• _Required work_
Exactly the lines from the line containing "Pllakë amë MSI" through the final line of the entries below must be returned, and only those, without pictures.

Web page caption snippets:
== Segment start ==

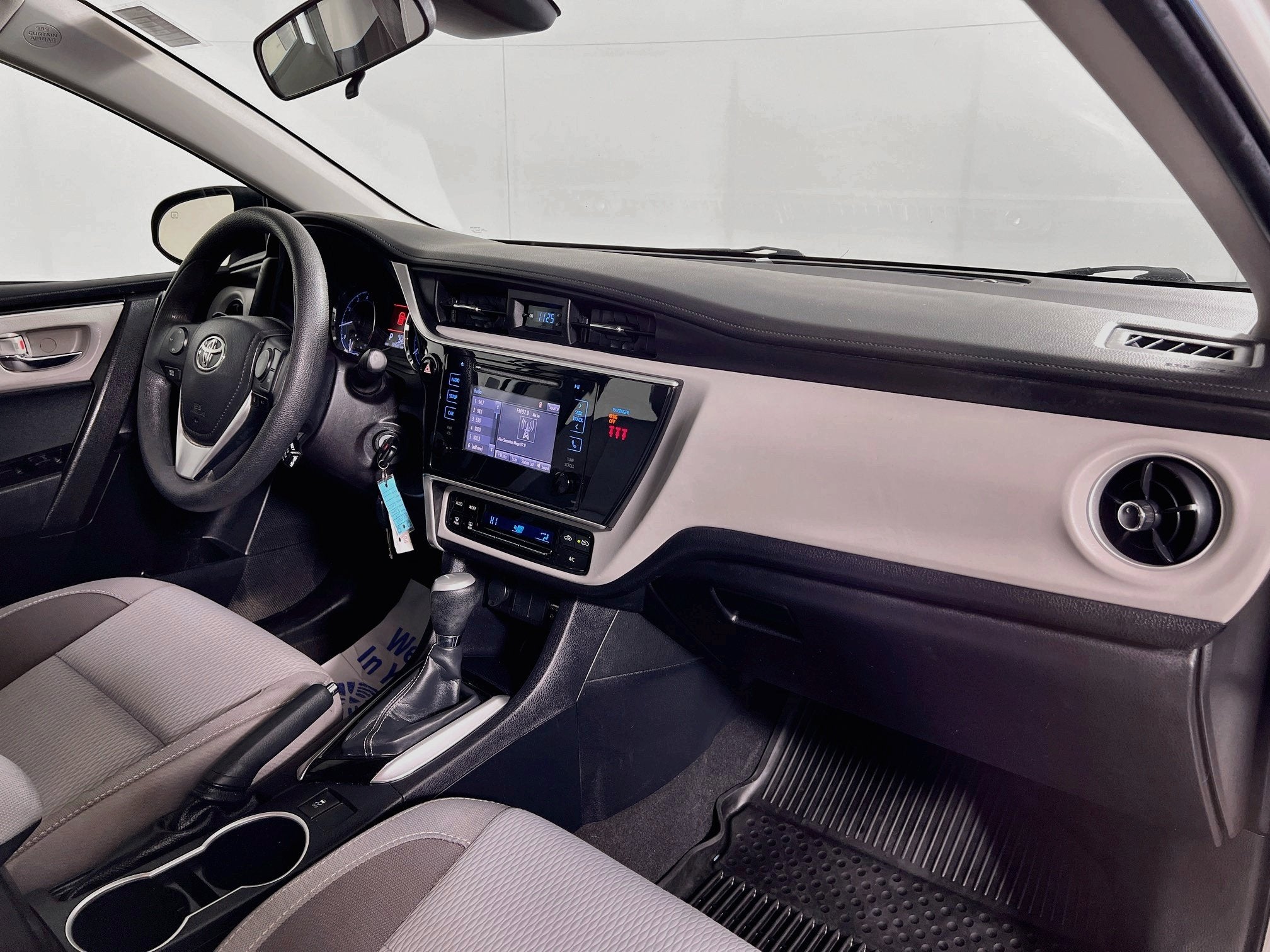 2019 Toyota Corolla Base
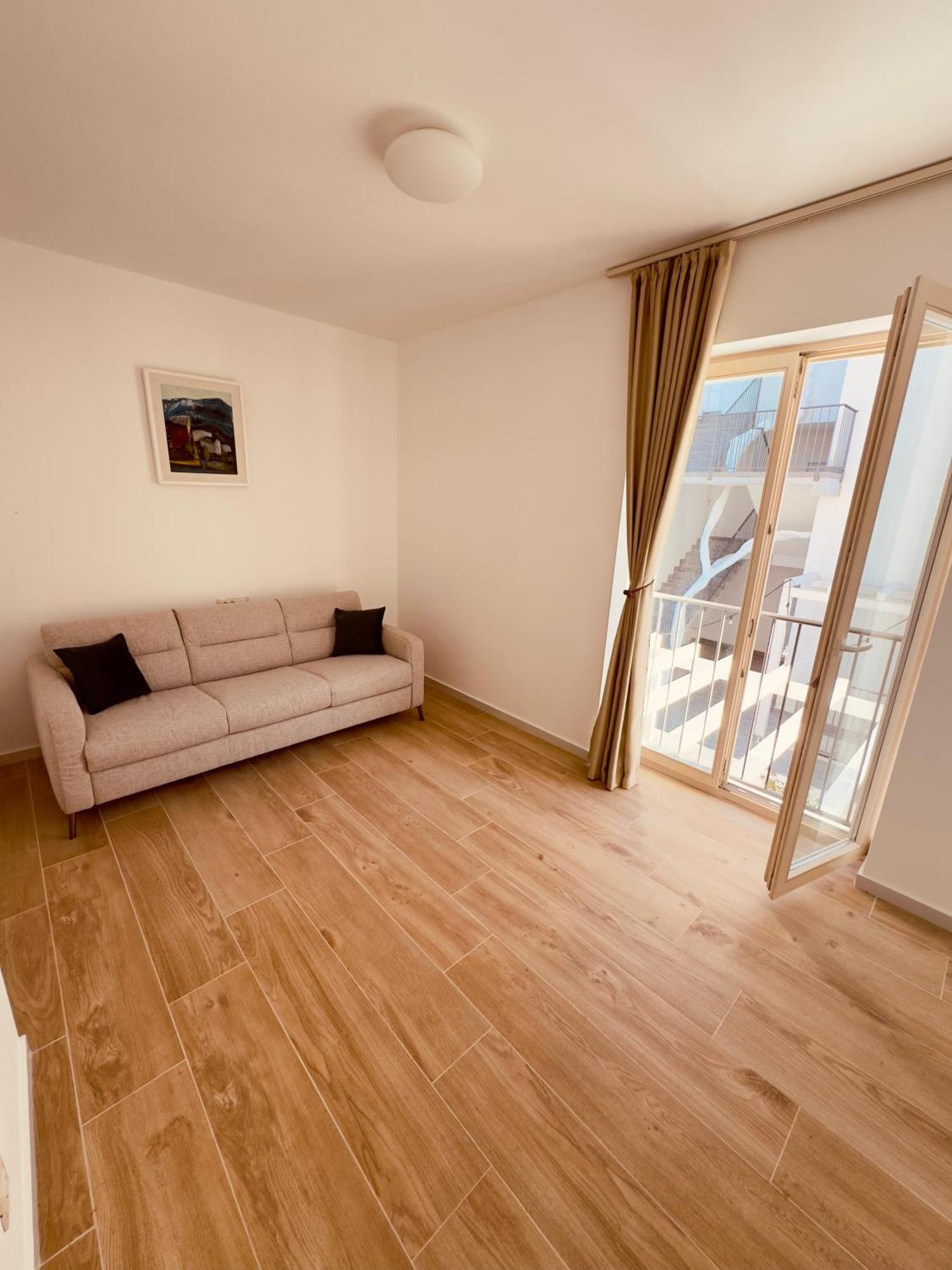 Most Oliva Resort Budva Exterior foto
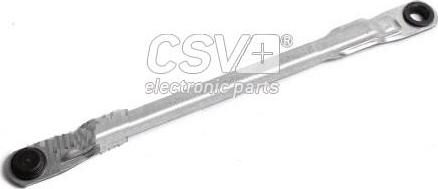 CSV electronic parts CRV0117 - Привод, тяги и рычаги привода стеклоочистителя xparts.lv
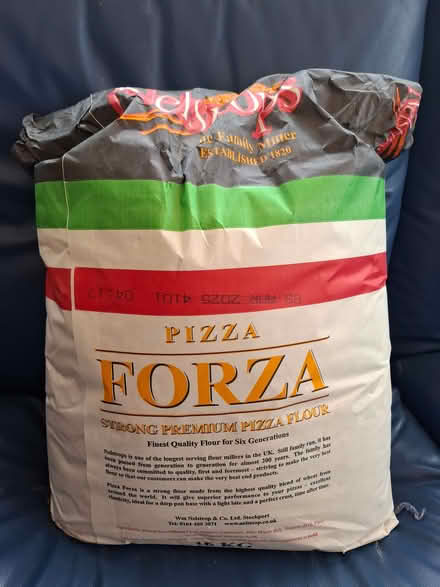 Photo of free Pizza Flour (CT9) #1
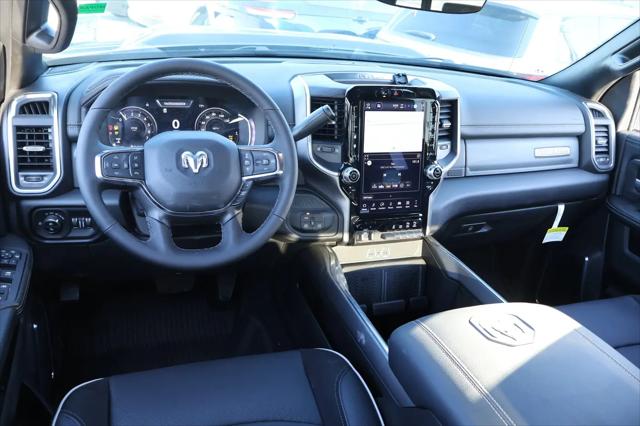 2026 Ram 2500 Laramie Crew Cab 4x4 64 Box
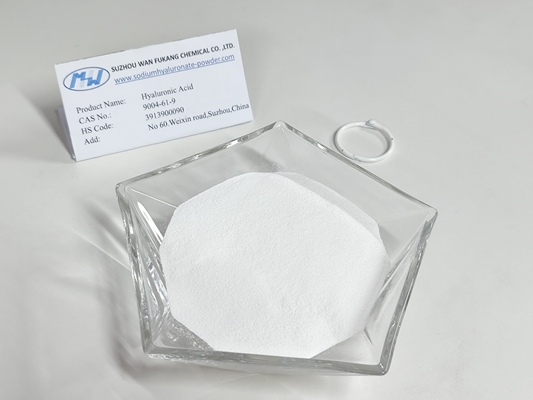 Acido ialuronico puro in polvere EP Standard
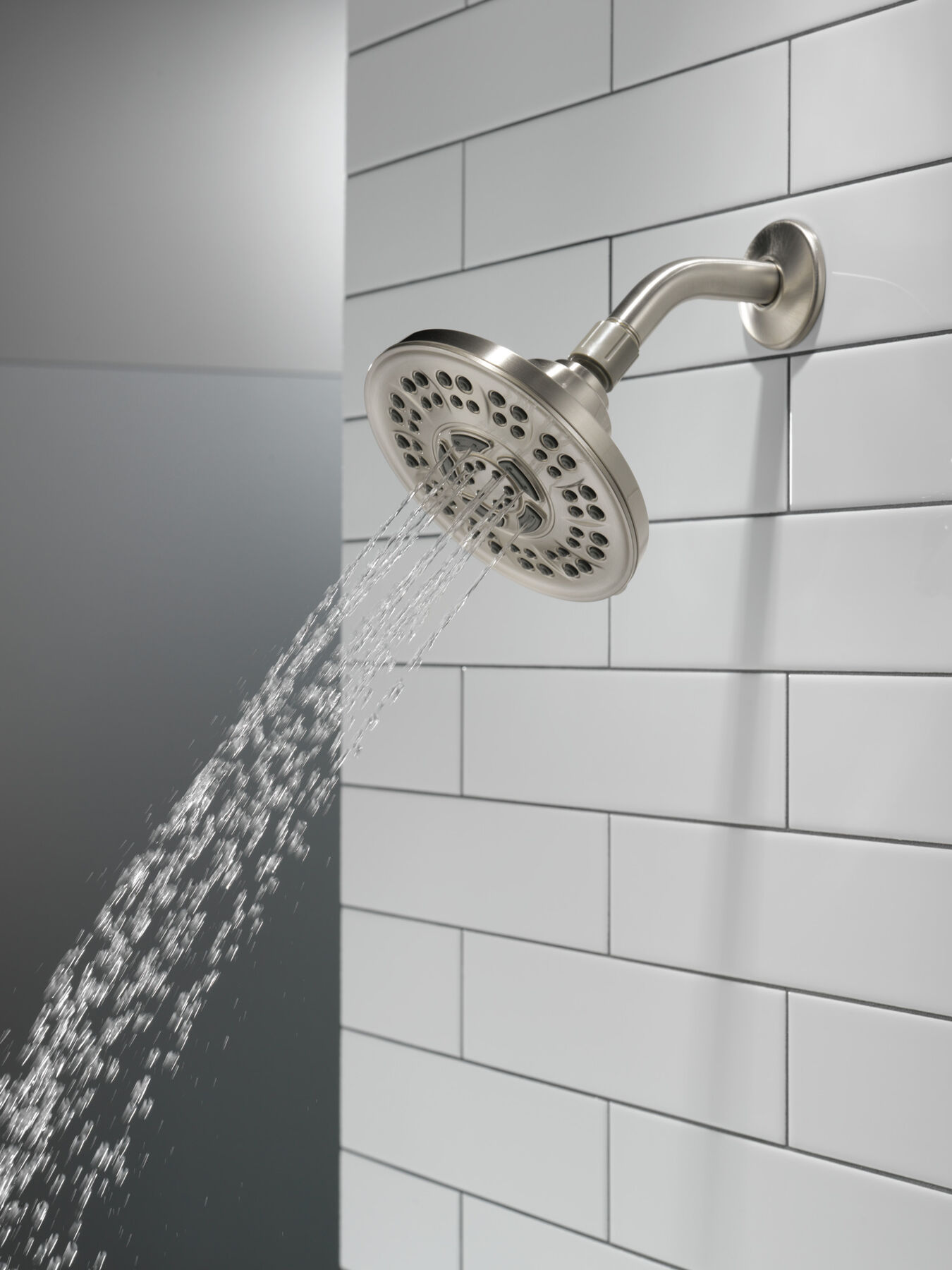 Shower Head 1.75 GPM 8-Setting (Recertified)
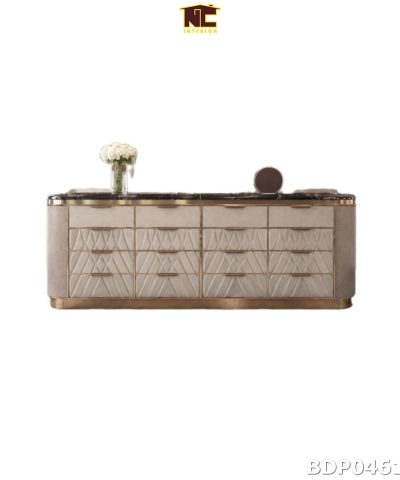 Bàn đảo phòng thay đồ BDP0461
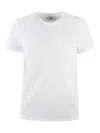 Elisabetta Franchi T-shirts And Polos In White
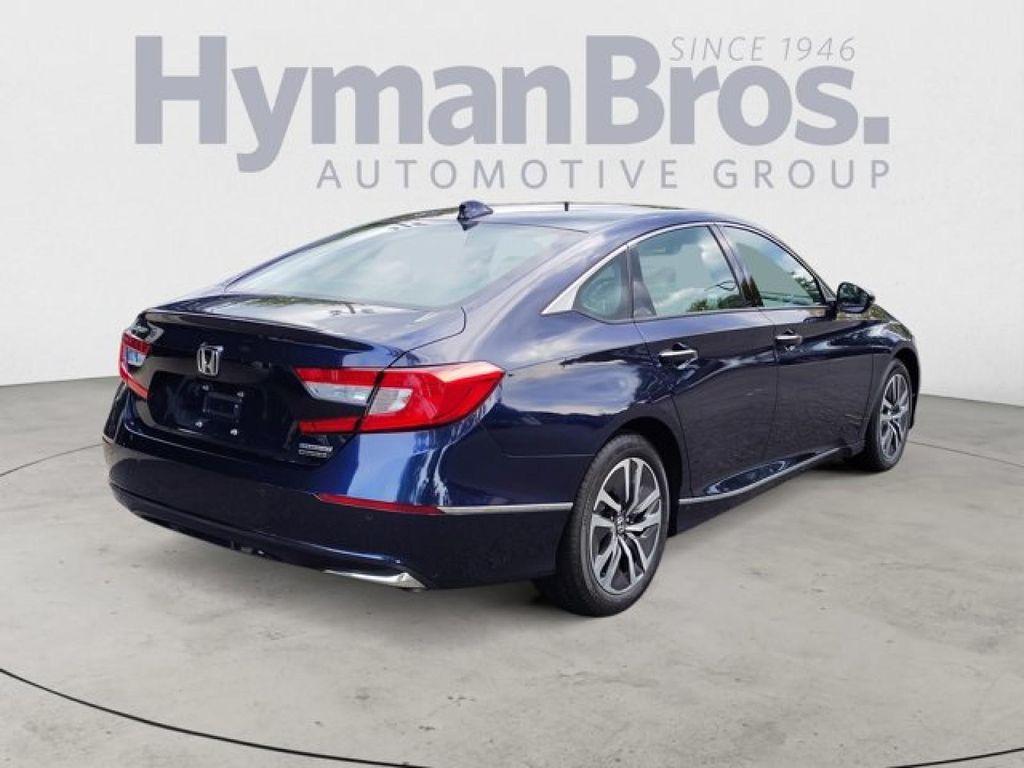 used 2019 Honda Accord Hybrid car, priced at $28,995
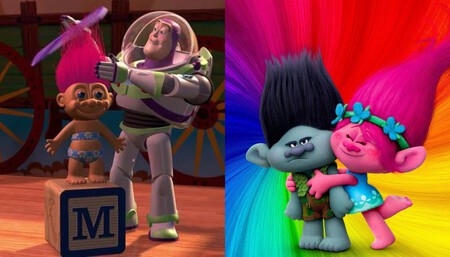 Trolls En El Cine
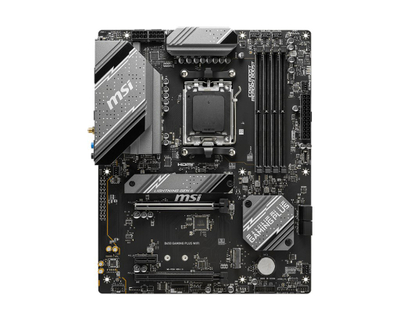 Pllakë amë MSI B650 Gaming PLUS WiFi AMD B650 Socket AM5 ATX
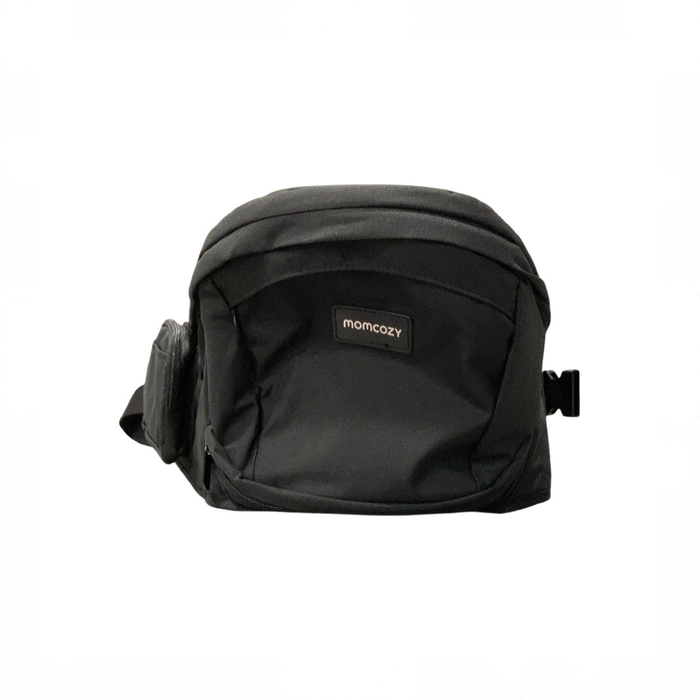 Shop Momcozy Wander360 Hip Seat Carrier, Black, Medium at GoodBuy Gear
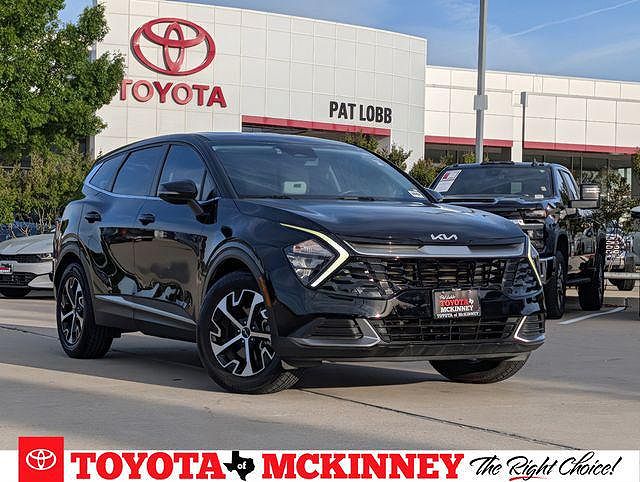 2023 Kia Sportage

== Segment end ==

• _Exercise result_
 Pllakë amë MSI B650 Gaming PLUS WiFi AMD B650 Socket AM5 ATX
 Shop Momcozy Wander360 Hip Seat Carrier, Black, Medium at GoodBuy Gear
 2023 Kia Sportage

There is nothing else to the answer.